One local barfly had the temerity to question his outlaw credentials and Ryan pulled his pistols and made a scene. At gunpoint, he extracted an apology for the offense, but his luck, and ultimately that of the James Gang, had finally run out. The bartender just happened to be an off-duty Sheriffs deputy.
After a vigorous scuffle, Ryan was disarmed and under arrest. He was carried off to the Nashville jail where his identity was soon revealed and he was asked to explain how he came into possession of a large portion of that army payroll.
Jesse James, and his brother Frank, were soon implicated in the robbery and warrants were issued for their arrest. Feeling the closeness of the long arm of the law, they would stage yet another getaway. But not for long. The heady adventures of the notorious Frank and Jesse James were about to be a thing of the past.

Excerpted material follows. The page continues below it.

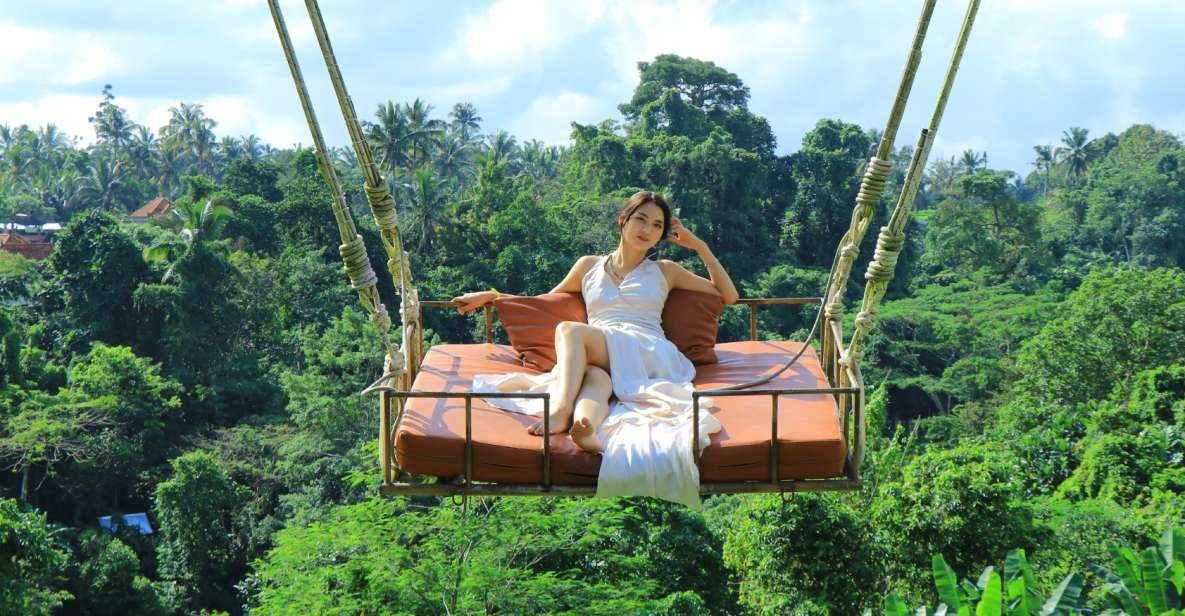 Bali: Ubud Swing & White Water Rafting With Private Transfer - Experience Highlights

The chain of events that ended nearly two decades of outlawry that included numerous bank robberies, train robberies, and even taking the box office of the Kansas City Exposition, were set in motion in northern Alabama on that cold day in March 1881.
Within a year, Jesse would be dead, shot in the back of the head by Bob Ford in an attempt to earn clemency from the government for his own crimes and collect a hefty reward offered by the governor of Missouri.
During the following year, Bill Ryan would be sentenced to a long prison term, Frank would surrender to the Missouri authorities, the rest would scatter, and the infamous James Gang would be retired for good.